Il racconto

«Prima il rumore, poi le urla: per le slavine rischiamo la vita»

Annalisa Fioretti, responsabile del Cnsas Merano, lunedì sera era nella squadra che setacciava la prima valanga caduta sulla pista quando è venuta giù la seconda seppellendo tre partecipanti all’operazione, estratti illesi


Simone Facchini


MERANO/SENALES. «Abbiamo sentito un rumore, poi delle urla. Era buio. Era venuta giù una seconda valanga». Annalisa Fioretti lunedì è accorsa in Val Senales, dove una prima slavina aveva invaso la pista della discesa a valle (Talabfahrt 1), dopo la seggiovia Gletschersee, a circa 2500 metri di quota. Non lontano dal rifugio Bella Vista. Pneumologa, arruolata nel pronto soccorso di Silandro, Fioretti è responsabile sanitario del Cnsas di Merano.

«Sono stati momenti concitati, il pericolo era elevato. Quanto accaduto rimarca come spesso noi soccorritori rischiamo la vita per salvarla ad altri». Sotto la seconda valanga erano finiti proprio tre uomini che facevano parte del team di ricerca. Sepolti, subito estratti. Sani e salvi. Scioccati.

Il racconto

È pieno pomeriggio quando, l'altro ieri, una slavina sommerge una pista battuta in Val Senales. L'allarme pare lo abbiano dato due sciatori che ne sono stati sfiorati. «Il tempo di raccogliere le attrezzature e via - racconta Annalisa, - sono arrivata alla stazione a valle, a Maso Corto, verso le 17.30. Qui un primo coordinatore ha provveduto alla registrazione del nome, misura di sicurezza necessaria in situazioni come questa, nel caso in cui qualcuno dovesse mancare all'appello durante l'operazione. Un gruppo stava già intervenendo sulla valanga, il fatto che fossero state individuate delle scie che portavano alla slavina ha fatto supporre che qualcuno potesse essere rimasto sepolto».

La seconda squadra, con Annalisa, viene spedita a monte con la funivia e raggiunge il posto con gli sci e il materiale in spalla. Seconda registrazione. «La slavina aveva tagliato in due la pista. Abbiamo cominciato a perlustrare sotto la massa nevosa con le sonde da cinque metri, quelle utilizzate dalla prima squadra erano più corte e non toccavano il fondo. In alcuni punti neppure le nostre».
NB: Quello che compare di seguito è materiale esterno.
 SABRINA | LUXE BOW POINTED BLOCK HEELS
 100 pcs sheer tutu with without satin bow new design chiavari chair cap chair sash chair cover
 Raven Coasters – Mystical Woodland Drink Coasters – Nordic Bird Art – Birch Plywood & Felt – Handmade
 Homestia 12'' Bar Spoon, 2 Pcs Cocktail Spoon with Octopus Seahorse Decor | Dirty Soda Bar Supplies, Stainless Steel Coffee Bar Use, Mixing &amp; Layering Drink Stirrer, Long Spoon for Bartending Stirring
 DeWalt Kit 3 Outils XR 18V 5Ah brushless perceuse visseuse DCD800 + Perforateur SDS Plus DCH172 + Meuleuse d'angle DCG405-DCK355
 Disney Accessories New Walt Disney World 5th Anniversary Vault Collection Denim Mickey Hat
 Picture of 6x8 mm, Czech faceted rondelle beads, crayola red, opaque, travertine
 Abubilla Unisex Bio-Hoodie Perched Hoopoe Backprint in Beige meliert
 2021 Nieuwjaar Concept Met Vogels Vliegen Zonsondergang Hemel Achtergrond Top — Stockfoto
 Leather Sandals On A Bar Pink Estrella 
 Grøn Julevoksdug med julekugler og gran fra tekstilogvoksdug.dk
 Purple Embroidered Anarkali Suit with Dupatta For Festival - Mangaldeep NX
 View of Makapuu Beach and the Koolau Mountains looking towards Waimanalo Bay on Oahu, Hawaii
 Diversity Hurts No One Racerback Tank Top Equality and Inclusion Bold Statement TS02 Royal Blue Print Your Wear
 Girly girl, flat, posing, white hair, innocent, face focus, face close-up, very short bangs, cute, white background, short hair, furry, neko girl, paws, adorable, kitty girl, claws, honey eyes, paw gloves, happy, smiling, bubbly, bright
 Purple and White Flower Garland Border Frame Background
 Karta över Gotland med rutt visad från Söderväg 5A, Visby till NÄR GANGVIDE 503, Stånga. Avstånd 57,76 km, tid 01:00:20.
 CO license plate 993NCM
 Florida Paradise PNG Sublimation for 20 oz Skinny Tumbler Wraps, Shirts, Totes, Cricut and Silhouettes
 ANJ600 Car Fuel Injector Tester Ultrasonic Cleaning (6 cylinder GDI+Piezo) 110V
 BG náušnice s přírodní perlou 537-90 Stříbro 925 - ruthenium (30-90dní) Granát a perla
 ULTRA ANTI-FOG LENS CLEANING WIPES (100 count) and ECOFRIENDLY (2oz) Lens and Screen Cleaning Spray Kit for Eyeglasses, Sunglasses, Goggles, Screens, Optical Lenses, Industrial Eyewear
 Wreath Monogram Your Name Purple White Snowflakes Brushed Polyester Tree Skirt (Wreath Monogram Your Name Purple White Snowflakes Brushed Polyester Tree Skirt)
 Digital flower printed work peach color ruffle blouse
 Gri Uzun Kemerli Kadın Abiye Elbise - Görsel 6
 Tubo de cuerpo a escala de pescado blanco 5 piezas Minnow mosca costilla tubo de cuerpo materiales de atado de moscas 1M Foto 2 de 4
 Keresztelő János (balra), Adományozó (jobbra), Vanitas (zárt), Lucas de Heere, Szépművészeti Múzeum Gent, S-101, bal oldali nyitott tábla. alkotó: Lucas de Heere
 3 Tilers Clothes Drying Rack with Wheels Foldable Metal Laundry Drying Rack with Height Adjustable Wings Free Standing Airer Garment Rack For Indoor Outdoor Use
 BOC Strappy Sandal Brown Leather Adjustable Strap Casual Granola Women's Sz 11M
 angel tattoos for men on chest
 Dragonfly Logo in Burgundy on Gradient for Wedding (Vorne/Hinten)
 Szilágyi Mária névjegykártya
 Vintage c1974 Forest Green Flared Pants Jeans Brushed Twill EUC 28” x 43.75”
Il rilievo dà le dimensioni, imponenti, della massa nevosa precipitata. «Abbiamo continuato a lungo, la fatica si faceva sentire. Eravamo un'ottantina: forze dell'ordine, varie squadre del soccorso alpino, in una prima fase anche alcuni sciatori.

Si era fatto buio quando un rumore sordo, non forte ma chiaramente udibile, ha preceduto le grida che segnalavano un secondo distacco. Abbiamo cercato di capire la situazione, non era facile orientarsi. Il coordinatore a monte mi ha incaricata di scendere ad aiutare».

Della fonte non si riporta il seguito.